Похвала эта была генералу как режущий звук по стеклу, и операция тотчас показалась ему уродливой, бездарной.
– И вот подумалось, – продолжал Светлооков, – хорошо бы, если б командование, планируя ту или иную операцию, учитывало бы наши интересы, я о Смерше говорю. Как-то бы согласовывало с нами… Мы, например, очень были бы заинтересованы в окружении.
Генерал, чувствуя подступающий непереносимый гнев, сказал медленно:
– А в том, какие потери будут при окружении, тоже вы заинтересованы? Не дождетесь вы, чтоб я с вами согласовывал свои операции.
– Жалко… – Светлооков вздохнул смиренно и, вытянувшись, прищелкнул каблуками. – Виноват, не подумал. Разрешите идти?
После его ухода чувство обожженности еще усилилось. С некоторых пор труднее было генералу остаться наедине с собою, чем вынести самых назойливых. Своя вина жгла сильнее, чем мог бы кто другой его упрекнуть: сегодня открылось ему то, с чем он так не желал встречи, надеялся, что его-то обойдет стороной. Как же он проглядел, не предчувствовал? И ведь это не были те малые группки, те как бы и случайные вкрапления среди немецких частей, о которых приходилось слышать еще до Курской дуги, еще при первых движениях армии от Воронежа, – нет, перед ним предстала организованная сила, составившая, может быть, костяк обороны.

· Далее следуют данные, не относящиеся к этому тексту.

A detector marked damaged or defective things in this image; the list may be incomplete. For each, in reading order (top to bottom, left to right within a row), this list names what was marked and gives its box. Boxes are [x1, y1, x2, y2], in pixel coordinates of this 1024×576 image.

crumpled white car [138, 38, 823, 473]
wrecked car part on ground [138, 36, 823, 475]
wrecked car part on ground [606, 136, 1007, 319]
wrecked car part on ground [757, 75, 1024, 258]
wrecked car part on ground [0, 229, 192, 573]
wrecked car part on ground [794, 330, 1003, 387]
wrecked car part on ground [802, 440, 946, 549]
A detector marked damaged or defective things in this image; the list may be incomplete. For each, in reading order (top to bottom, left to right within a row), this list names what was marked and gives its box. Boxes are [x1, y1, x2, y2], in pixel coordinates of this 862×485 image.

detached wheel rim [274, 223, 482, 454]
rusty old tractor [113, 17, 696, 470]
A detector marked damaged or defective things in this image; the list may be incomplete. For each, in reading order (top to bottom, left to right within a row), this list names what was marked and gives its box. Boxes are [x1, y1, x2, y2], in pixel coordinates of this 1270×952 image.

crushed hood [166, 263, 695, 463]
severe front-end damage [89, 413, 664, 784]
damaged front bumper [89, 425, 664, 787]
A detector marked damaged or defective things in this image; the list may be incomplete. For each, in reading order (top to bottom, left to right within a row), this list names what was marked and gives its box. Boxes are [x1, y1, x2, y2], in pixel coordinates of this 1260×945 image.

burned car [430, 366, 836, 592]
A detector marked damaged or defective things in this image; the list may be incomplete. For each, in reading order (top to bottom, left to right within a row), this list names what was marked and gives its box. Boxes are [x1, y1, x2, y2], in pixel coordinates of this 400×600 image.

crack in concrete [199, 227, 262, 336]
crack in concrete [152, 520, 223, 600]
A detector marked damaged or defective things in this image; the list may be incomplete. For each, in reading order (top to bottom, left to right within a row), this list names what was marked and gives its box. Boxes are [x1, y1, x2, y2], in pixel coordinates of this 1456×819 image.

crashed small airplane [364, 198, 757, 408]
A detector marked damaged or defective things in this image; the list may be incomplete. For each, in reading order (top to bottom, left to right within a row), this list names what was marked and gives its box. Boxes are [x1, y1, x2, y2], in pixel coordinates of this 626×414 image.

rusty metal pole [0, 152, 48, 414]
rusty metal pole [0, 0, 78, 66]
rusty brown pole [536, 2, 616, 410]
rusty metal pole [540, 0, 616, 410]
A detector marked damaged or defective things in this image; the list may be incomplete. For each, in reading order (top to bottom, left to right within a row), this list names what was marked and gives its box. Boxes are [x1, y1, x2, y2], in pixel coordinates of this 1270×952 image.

Никак не предвиделось это более года назад, когда впервые услышалось: «Генералы Понеделин и Власов – предатели», когда прозвучали страшные слова: «Русская Освободительная Армия», страшные таившейся в них обреченностью, гибельным упрямством смертников – и, вместе, слабым упреком тому, кто, все понимая, в этом гибельном предприятии не участвует. Вскоре посыпались с самолетов аляповатые листовки – одновременно и пропуск в плен, и «художественная агитация»: Верховный с гармошкой приплясывал в тесно очерченном кругу, где помещался один его сапог, изо рта летели веером слова попевочки:
Был приказ офицерам и солдатам эти листовки сдавать политработникам, за хранение и передачу грозила высшая мера. Никто их особенно и не подбирал, еще меньше хотелось хранить их. Но вскоре посыпались другие листовки, где был посерьезнее текст и на которых предстало сумрачное, очкастое, закрытое лицо Власова. Оно было скуластое, с широким носом, простоватое, но и чем-то аристократичное. Из роговой оправы очков смотрели пронзительные, внимательно изучающие глаза, большой рот – не куриное, обиженно поджатое гузно – говорил о силе, об умении повелевать. Из такого можно было сделать народного вождя.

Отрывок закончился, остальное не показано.